Yeah, I got that when you said it, I'm just not aware of where you saw it, so I asked.
It's ok and I can take your word for it, but frankly that particular post made a point of emphasizing exactly the opposite of that stance - twice. (*All* immigrants and travelers from "all over the world")
So I guess based upon someone's history, even if they make a point of NOT repeating a previous bias, they must be judged the same way forever.
That explains why I saw something that others didn't and vice versa.
I was taking that post, in that moment just as it was stated.





> It’s fun that you’ll reference another member and her history of posting to try to make a point in a thread where that’s exactly what I’m doing. As I said, you can focus on one post where you don’t see something or you can do the homework to find and read other posts by the member in question and draw your own opinion. Remember, I’ve continually expressed that my thoughts about what the poster said were my opinion based on my reading of this and other posts. You’re free to have a different opinion and base it on whatever limited information makes you happy.



True, but if you'd asked me to show you an example, I could and would have done it on the possibility that you weren't aware of what I was talking about.


----------



## Mish (Oct 15, 2015)

mmoetc said:


> Now I’ll address your other points. Just because we have laws doesn’t make them rational. Rational laws would set up a true, workable guest worker program that allows businesses to employ the people who are working illegally in a legal manner. It would allow those people working illegally to step out of the shadows and be protected by the same laws as everyone else and eliminate abuses that do suppress some wages and compromise worker safety. And, yes, it should contain strict enforcement measures that do punish those who can’t follow the rules.

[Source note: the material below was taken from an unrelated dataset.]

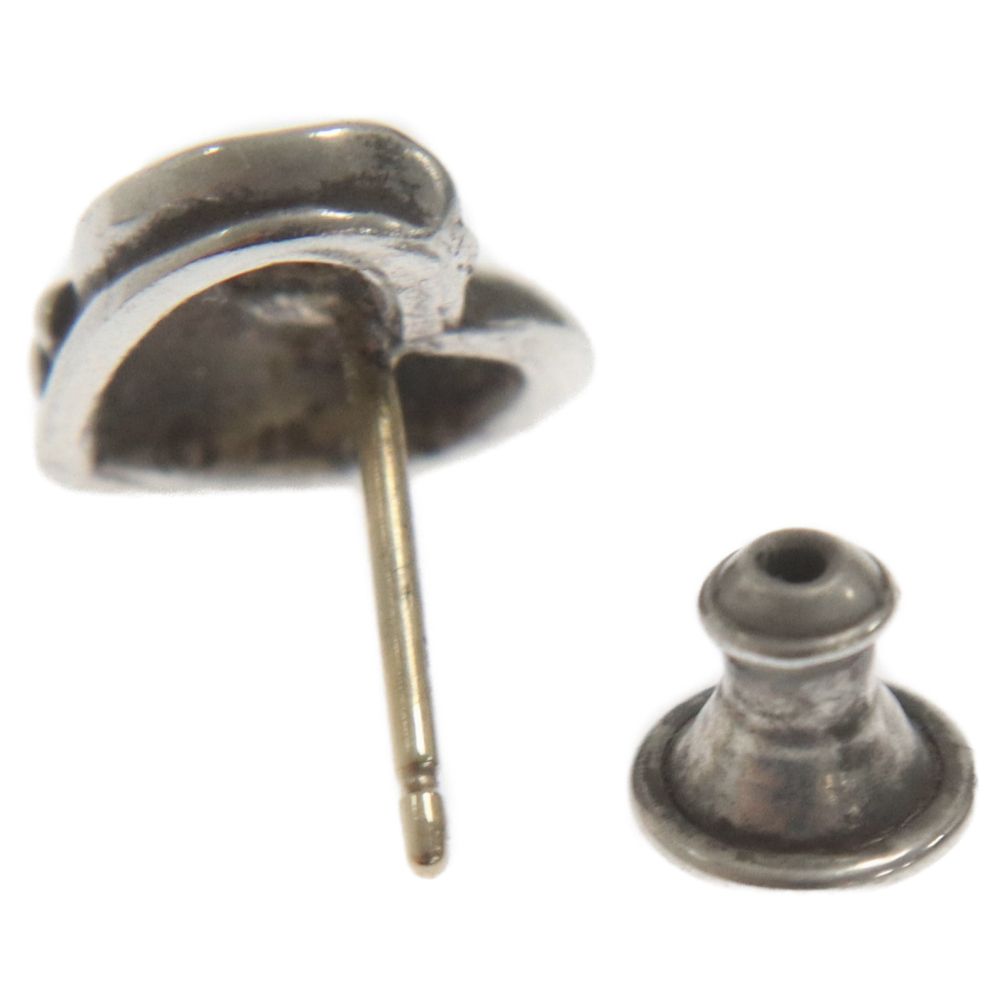 CHROME HEARTS (クロムハーツ) STUD HEARTハートスタッド ピアス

I'll give you that I am not up to date on our guest worker program, but we used to have one that worked (my daughter's grandfather was one of them, a legal migrant worker, before he went through all of the steps to become a citizen). I'm not sure what happened to that, if anything. We also have a work visa program for people with different skill sets (both my mother and my son have and do work with people on those visas in their white collar jobs).

It feels like you are assuming that there is no one else to do those jobs besides illegal workers. This is getting into a whole different debate, and one I've repeated many times, but the reason there are "jobs Americans won't do" is because illegal labor drives down wages and gets rid of a lot of bureaucracy that employers hate anyway. It's too easy for employers to hire someone illegal to work for slave wages, treat them any way they want because they can't/won't call OSHA or file for workman's comp, and employers don't have to provide healthcare or file all that pesky paperwork and pay taxes that the government requires for legal workers. There are a LOT of places around here that won't even look twice at hiring legal workers, it's too expensive, time consuming and makes them accountable in a lot more ways than just hiring someone off the books. Since we won't enforce laws against hiring illegal workers, the vicious circle continues. If there is a labor shortage once laws are enforced (and I highly doubt there would be), then yes, expand outside work programs. But the assumption that we NEED these illegal workers is just that, an assumption driven by the factors that I just mentioned. 

We have most everything in place, and I'll argue that it is rational. What is needed is enforcement, and tweaking as necessity arises - that we don't do that is the irrational part. We also need to remove all of the other magnets and secure the borders at the same time.


----------



## keenataz (Feb 17, 2009)

mnn2501 said:


> it was right in my post: The legals can be checked and quarantined if necessary just like they were in the early 1900's


I’m curious. Say I want to hop over the border for a Seahawks game. I would have to spend time in quarantine? Or when a jet load of German tourists flies into Montana, they’ll be quarantined. 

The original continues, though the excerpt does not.